According to research from Europe's leading medical research institute, playing golf can add five years to a person's life.
A study of 300,000 golfers revealed that they were 40 per cent less likely to die at any given age than those who did not play.
The study, by the
Karolinska Institutet in Sweden, revealed the best players, as measured by handicaps, were the healthiest of all.
Despite the lack of physical activity involved in golf, golfers who play a single round of 18 holes usually walk more than 6km.
Golfers have a lower death rate regardless of sex, age and social group, the study found.
The effect is greater for blue-collar workers than for those from white-collar backgrounds.

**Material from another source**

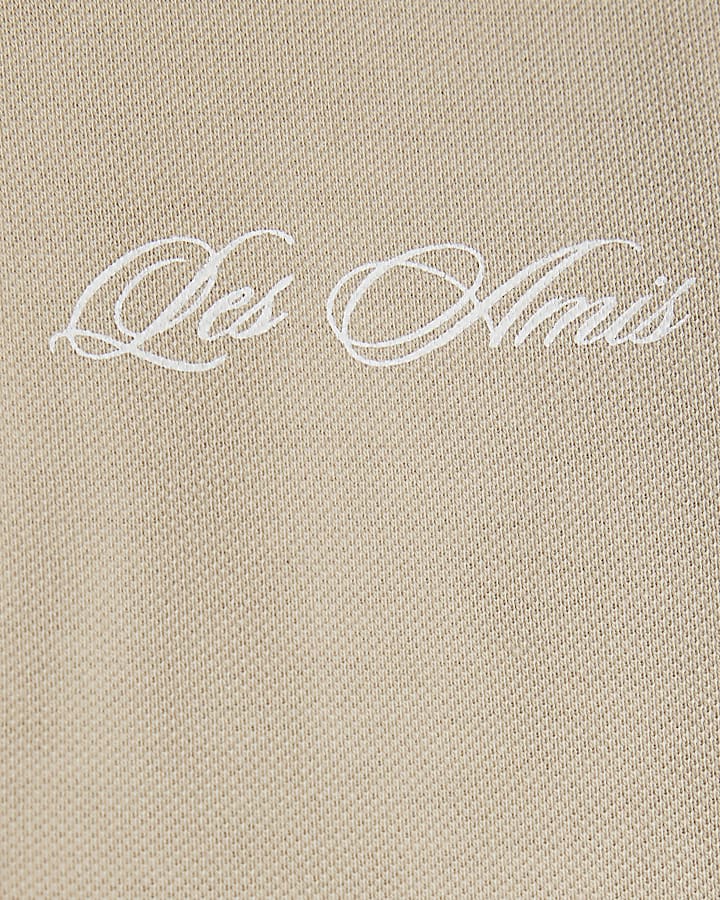 Mini Boys Beige Contrast Collar Polo Shirt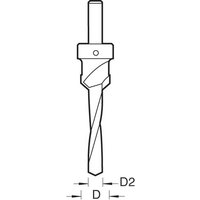Black and silver adjustable countersink drill bit, 1/2 inch diameter, with spiral flutes and hexagonal shank.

Professor Anders Ahlbom, who led the study, said while not all golfers had a healthy lifestyle, it is believed playing the game has a significant impact on health.
"Maintaining a low handicap involves playing a lot, so it supports the idea that it is largely the game that is good for the health," he said.
Golf is a game played on a large outdoor
course with a series of 9 or 18 holes spaced far apart, the object being
to propel a small, hard ball with the use of various clubs into each
hole with as few strokes as possible.
The first game of golf for which records
survive was played at Bruntsfield Links, in Edinburgh, Scotland, in
1456, recorded in the archives of the Edinburgh Burgess Golfing Society,
now The Royal Burgess Golfing Society.